Opinion


Archbishop Gregorio Meliton Martinez




Vestiges
José S. Arcilla, S.J.


Posted on April 14, 2014


BORN IN Burgos, Spain in 1815, Archbishop Gregorio Meliton Martinez was ordained to the priesthood in 1840. He was soon named President-Secretary of Studies and Professor of Logic in his alma mater. After studies in law, he was for 12 years Vicar General and Provisor of the diocese of Pamplona.

The Bishop of Pamplona described him as a man of untarnished moral integrity, learned, self-respecting, with a special talent for reconciling opposite views and parties. In 1861, while Dean of the Cathedral of Pamplona, he was elected Bishop of Manila. He took possession of his See in 1862, immediately on arrival in the country.

Few prelates in the Philippines have been as innovative and reformist as him. He agreed with Bishop Romualdo Jimeno of Cebu and the future Bishop of Caceres, Francisco Gainza, O.P., and supported their views.

But the superiors of the religious orders disapproved of their moves, fearing lest they lose their autonomy and thinking it was wrong to reproach only the friars. Their fierce opposition threatened the reformers, who retracted their support for the Archbishop’s planned innovations.

When he arrived in Manila in 1862, the crisis between the friars and the Philippine-born priests was at its sensitive stage and not to be taken lightly. A serious factor was the 1861 royal decree that sought to indemnify the Recollects for the missions and parishes in Mindanao the newly arrived Jesuits took over from them. Unfortunately, this meant depriving the Philippine-born clergy of parishes they had long held.

The assignment of a Recollect friar to replace a native-born priest already assigned to the vacant parish of Antipolo set things off. Led by Fr. Pedro Pelaez, the Philippine-born clergy began a campaign to undo the government’s decision. We will never know how the incident would have ended, for Fr. Pelaez unexpectedly died, buried in the ruins of the Manila cathedral which was destroyed by the earthquake of June 1863.

The Archbishop was criticized for not approving the consecration as Bishop of Cebu of Luis Alcala Zamora, appointed by the Governor General of the Philippines without Rome’s approval. About this time, he went to Rome to attend the first Vatican Ecumenical Council.

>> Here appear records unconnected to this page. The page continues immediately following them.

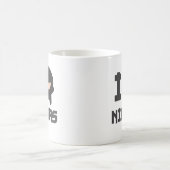 Liebe I ninjas Kaffeetasse (Mittel)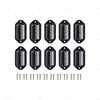 Truck SUV Trailer Lorry 12 / 24V 6LED License Plate Light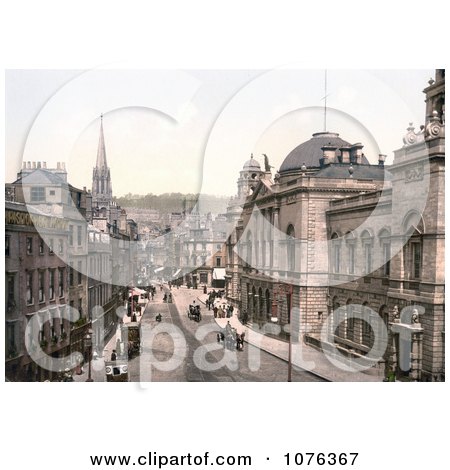 Historical High Street in Bath Somerset England UK - Royalty Free Stock Photography  by JVPD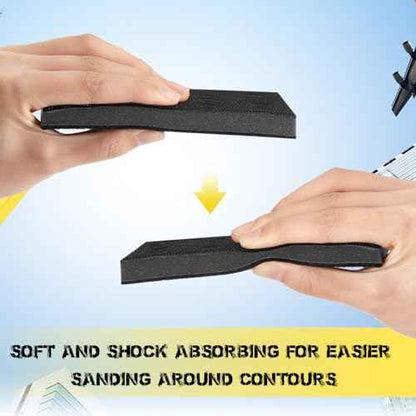 2 Pcs Soft Black Foam Sanding Pads Interface Sander Backing Pad Compatible with Festool RS400 LS130 Sander, 80 x 133 x 12 mm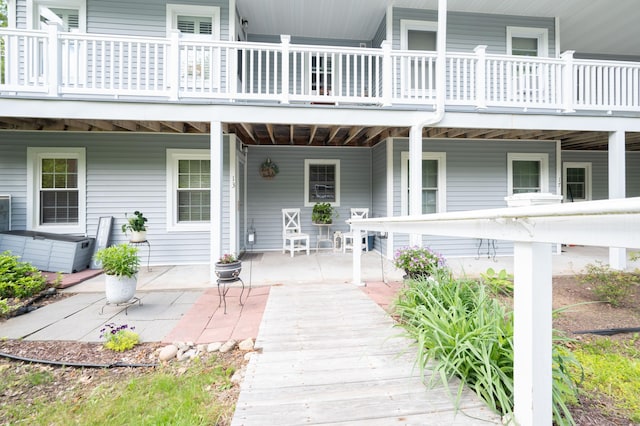 13 Hidden Knolls Cir Unit 13, Monroe, CT 06468 - wooden terrace with a patio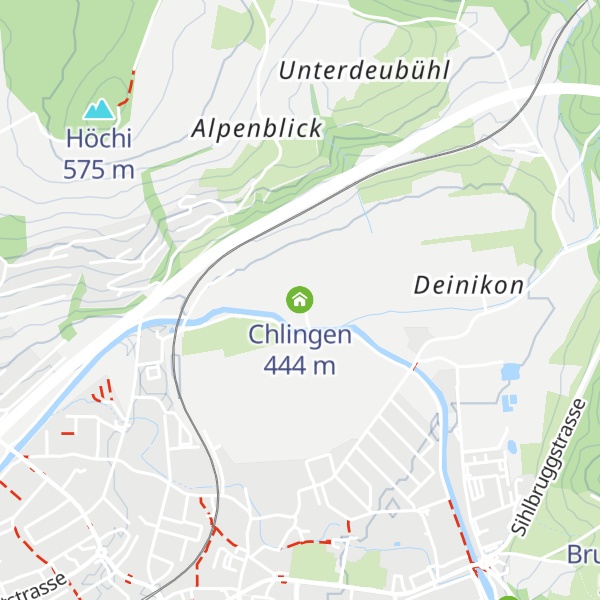Map of Chlingen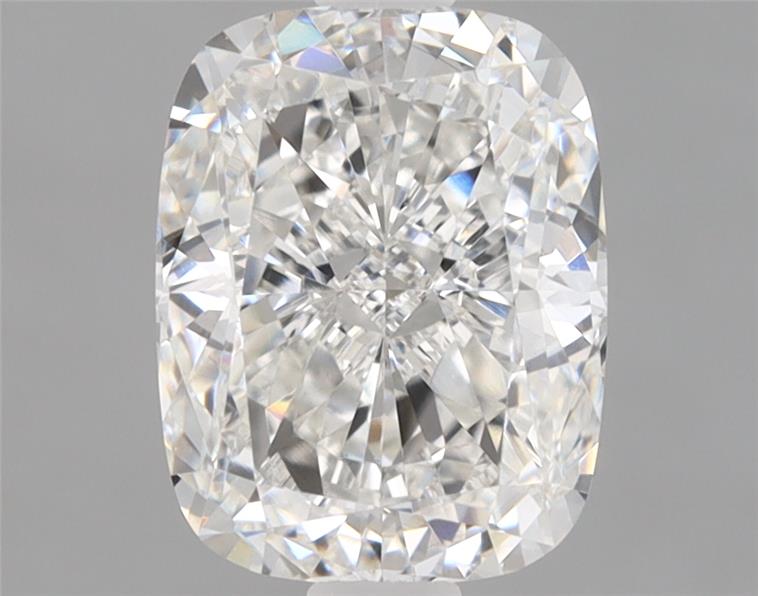 1.56ct lab-grown cushion cut diamond, F color, VVS2 clarity, 7.71x5.99x3.99mm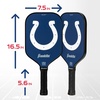 image:imageFranklin Sports NFL Pro Pickleball Paddle  13MM Signature Series Pro Pickleball Paddle with MaxGrit Surface  Official NFL Team  USAP Approved  Premium Quality  Authentic NFL Team LogosTeam Specific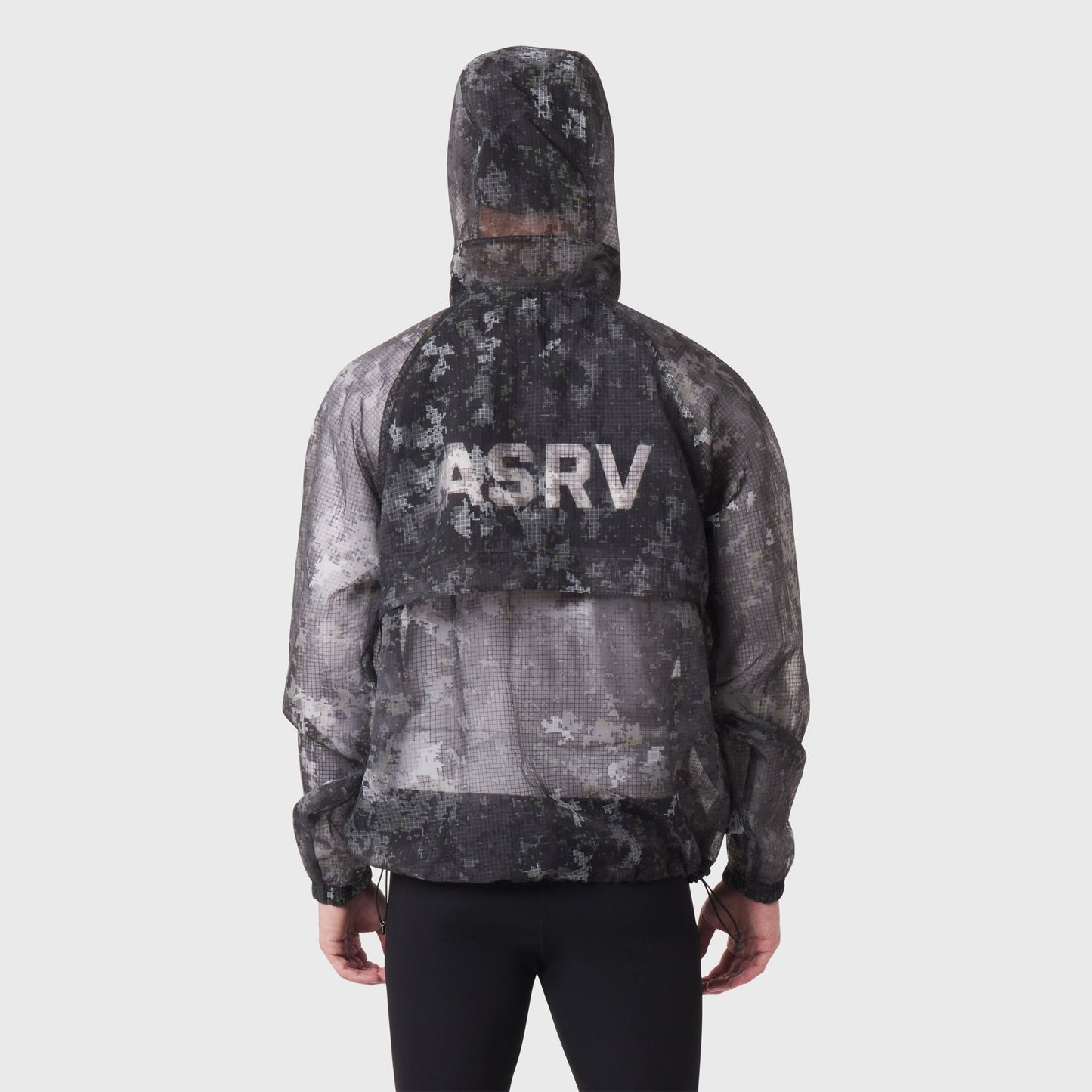 1162. Weather-Ready Transparent Ripstop Shell Jacket Pixel Camo | ASRV sale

He was back in the Philippines in due time. But the controversy between the friars and the Philippine-born clergy had not yet been settled. And when the Cavite mutiny exploded in January 1872, the first suspects the panicky government arrested were the secular priests. The most famous case was that of GomBurZa, a travesty of justice that reoriented the life of an ll-year Calambeño, Jose Mercado, who became Rizal, our national hero.

Archbishop Martinez resigned from his See on Aug. 18, 1875. Six years later, he died.